The representative of Syria said the representative of the United Kingdom should allow States to exercise their right to self‑determination instead of “poking their noses” in other people’s affairs. The United Kingdom is in violation of article 9 of the Chemical Weapons Convention, which calls on States to engage in dialogue and cooperation, yet it refuses to cooperate with the Russian Federation. What happened in Salisbury confirms that the United Kingdom and the United States have the intention of developing chemical weapons. Otherwise, it is difficult to justify their non‑response to OPCW requests. The United Kingdom, which has staged a series of events in Syria, is hiding its own non‑compliance with the Chemical Weapons Convention. Meanwhile, the United States has furnished terrorist groups with chemical weapons, including those wearing white helmets. He then asked France’s delegate to examine the Convention’s provisions. Any attempts by the French delegation to convince others of the innocence of France in the financing of terrorists will be in vain. Indeed, France has deployed its intelligence and expertise to terrorist groups and supplied them with chemical weapons. At the same time, the Turkish regime is facilitating the transfer of chemical weapons to Syrian territory and helping to train terrorists on its soil. With the cooperation of the United States, France and the United Kingdom, it supports Nusrah Front, which has cooperated with the white helmets to transfer substances to other regions.

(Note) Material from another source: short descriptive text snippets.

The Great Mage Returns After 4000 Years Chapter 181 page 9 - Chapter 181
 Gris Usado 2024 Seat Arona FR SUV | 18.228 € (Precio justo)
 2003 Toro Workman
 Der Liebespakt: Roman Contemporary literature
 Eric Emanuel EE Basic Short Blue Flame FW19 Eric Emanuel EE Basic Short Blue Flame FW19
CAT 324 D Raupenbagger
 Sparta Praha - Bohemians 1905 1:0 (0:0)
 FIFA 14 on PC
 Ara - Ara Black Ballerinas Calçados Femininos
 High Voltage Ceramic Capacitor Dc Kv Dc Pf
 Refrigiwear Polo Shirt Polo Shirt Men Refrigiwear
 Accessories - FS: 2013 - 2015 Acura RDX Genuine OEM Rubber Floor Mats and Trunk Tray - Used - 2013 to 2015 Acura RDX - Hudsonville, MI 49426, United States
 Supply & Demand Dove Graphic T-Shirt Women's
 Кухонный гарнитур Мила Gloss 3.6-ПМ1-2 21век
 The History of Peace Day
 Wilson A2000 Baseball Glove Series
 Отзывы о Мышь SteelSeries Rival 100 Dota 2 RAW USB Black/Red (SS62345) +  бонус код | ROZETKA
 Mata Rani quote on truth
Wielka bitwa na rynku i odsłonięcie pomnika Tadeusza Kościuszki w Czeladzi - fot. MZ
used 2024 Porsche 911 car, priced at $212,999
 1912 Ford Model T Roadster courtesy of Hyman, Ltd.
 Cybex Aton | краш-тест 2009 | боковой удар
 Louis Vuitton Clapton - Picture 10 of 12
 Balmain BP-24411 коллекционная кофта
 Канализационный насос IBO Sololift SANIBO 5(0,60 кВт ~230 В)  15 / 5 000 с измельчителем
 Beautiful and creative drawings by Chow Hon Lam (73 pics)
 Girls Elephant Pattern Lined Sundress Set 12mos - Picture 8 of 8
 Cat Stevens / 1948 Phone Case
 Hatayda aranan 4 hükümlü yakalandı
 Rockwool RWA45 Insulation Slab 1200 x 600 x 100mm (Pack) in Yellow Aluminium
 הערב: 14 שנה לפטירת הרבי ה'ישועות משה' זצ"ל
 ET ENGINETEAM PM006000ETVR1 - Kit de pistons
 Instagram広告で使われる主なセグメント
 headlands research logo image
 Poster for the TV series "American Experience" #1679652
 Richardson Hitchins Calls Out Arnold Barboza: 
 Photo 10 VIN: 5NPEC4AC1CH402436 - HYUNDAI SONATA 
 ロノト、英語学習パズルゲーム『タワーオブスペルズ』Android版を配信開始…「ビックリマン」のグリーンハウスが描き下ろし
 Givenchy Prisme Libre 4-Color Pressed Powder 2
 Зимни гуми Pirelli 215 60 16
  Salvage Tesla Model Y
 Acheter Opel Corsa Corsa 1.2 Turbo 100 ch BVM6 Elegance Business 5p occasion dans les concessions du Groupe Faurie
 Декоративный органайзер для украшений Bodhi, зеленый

The representative of the United States said the Chinese‑Russian draft is fundamentally flawed, inequitable, inadequately verifiable and not in the interest of his country. The Russian Federation has been aggressive in space initiatives and countries have become wise to its intent. The Russian Federation’s pronouncements run counter to the goals of the prevention of the placement of weapons in outer space, he said, adding that the country is preparing to fight a war in outer space, while promoting a flawed treaty that runs counter to Russian policies. It is suspicious that the draft treaty does not include anti‑satellite technology. The United States will be prepared to confront any challenges in outer space that arise. The draft treaty is losing steam and the drafters need to “go back to the drawing board”. Meanwhile, he said his Syrian counterpart continues to fabricate charges against the United States and others, but will never be able to convince the international community of its innocence of crimes, including using chemical weapons against its own people. The Syrian regime and its collaborators will be held accountable for those crimes.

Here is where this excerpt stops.